At least one species of cherry tree can be grown in any state. As a cultivated and producing fruit tree, sweet cherries do better in warmer climates in hardiness zones 5 through 8, while sour cherries do better in zones 4 through 8. As a flowering tree, there are more than 400 species of cherry, many that are native to temperate zones of the Northern Hemisphere and growing in the wild.
The black cherry tree, also known as the rum cherry, grows in the forests of eastern and central North America to the Dakotas. The tree grows to a height of 80 feet. The bark is dark gray and is used to make cough syrup. The wood is hard and used for paneling and fine furniture, according to "The Easy Tree Guide" by Keith Rushforth. The leaves are elongated ovals and alternate on the stem. The white flowers bloom on a raceme, an arrangement in which the flowers are borne on stalks growing from a central axis or stem. The fruit is black, round and edible.
The pin cherry tree is a shrubby tree that reaches a height of 33 feet in the wild. The tree is hardy and able to withstand the cold, according to "Field Guide to Trees of North America" by the National Wildlife Federation. The bark is dark brown and smooth when young, becoming pitted during maturity. The leaves are spear-shaped and taper to a point. The white flowers bloom on short racemes. The fruit is black and grows in clusters.
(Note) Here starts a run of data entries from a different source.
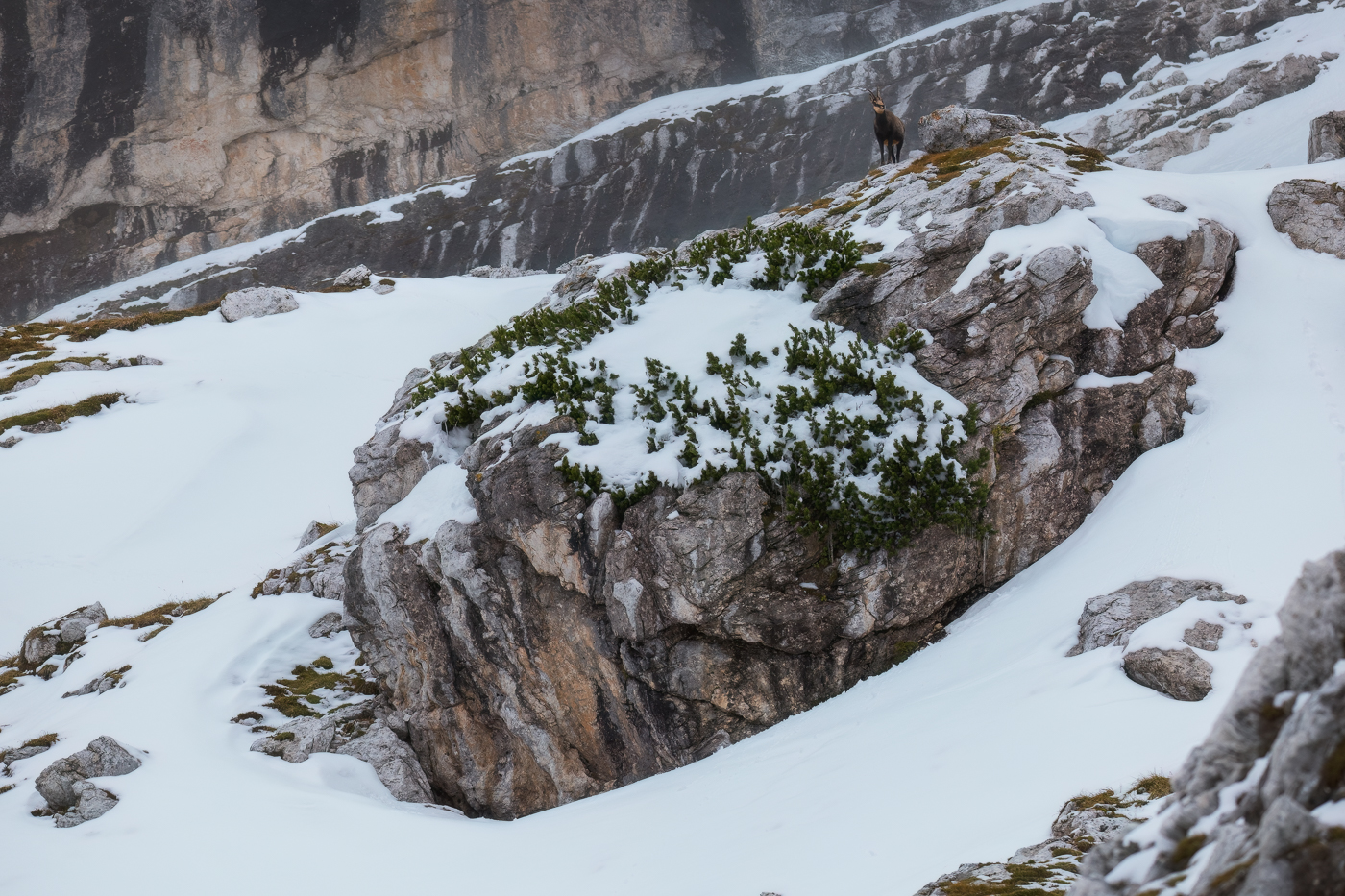 Camoscio alpino (Rupicapra rupicapra) sentinella. Alpi Giulie, Italia.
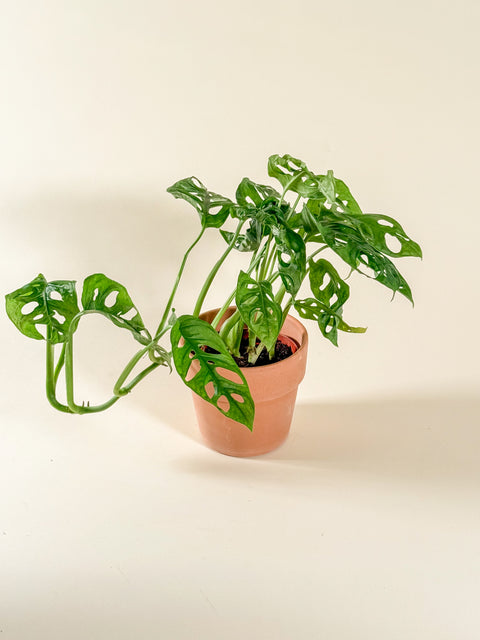 Monstera adansonii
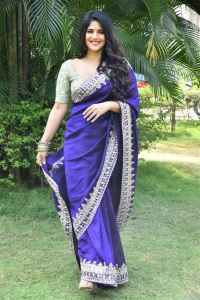 Vikkatakavi Actress Megha Akash Blue Saree Stills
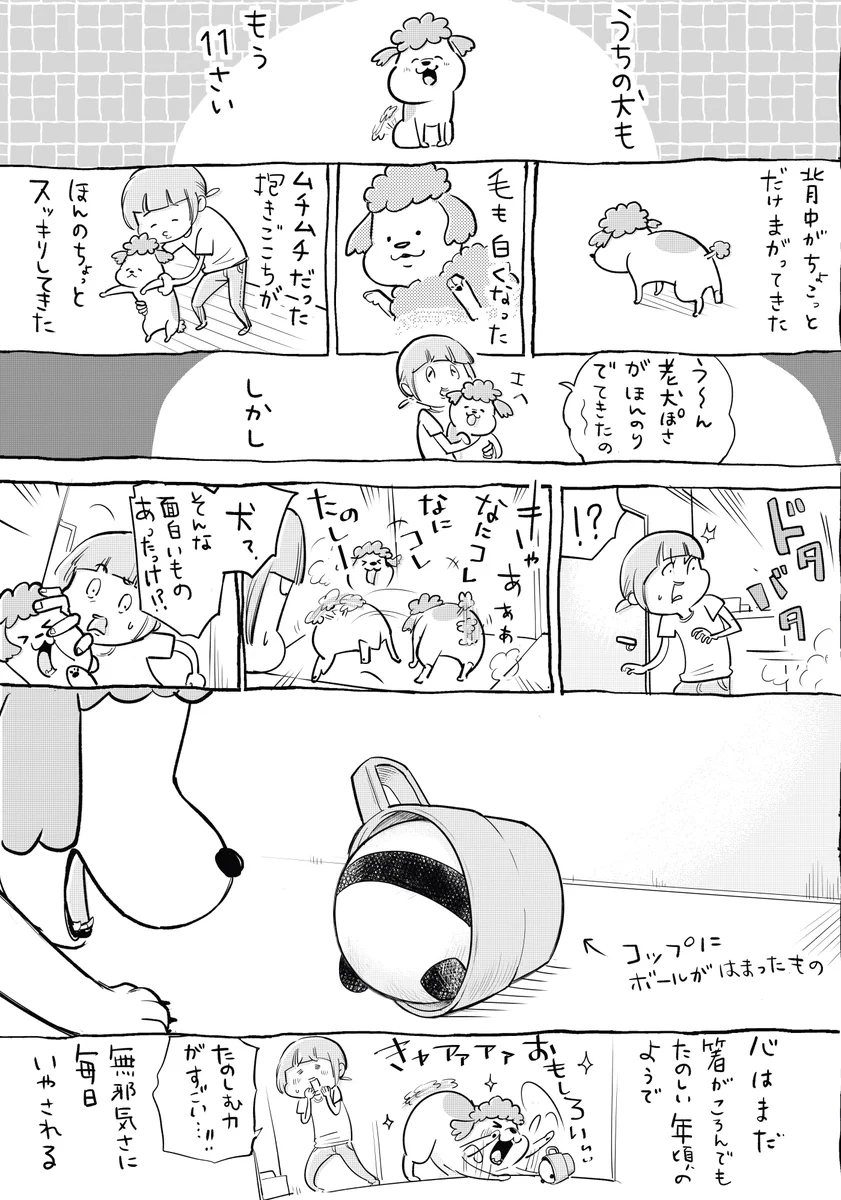 犬と猫がどっちもいる生活は？歳をかさねても毎日たのしい！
Sargent's cherry is found throughout hardiness zones 4 through 7, according to "The Illustrated Encyclopedia of Trees of the World" by Tony Russell, Catherine Cutler and Martin Walters. The tree grows to a height of 65 feet. The tree is identified by its glossy dark brown-red bark. The leaves are ovals with pointed tips that are dark green in the spring and orange in the fall. The pink flowers bloom singly on stems in the spring. The fruit is black and egg-shaped.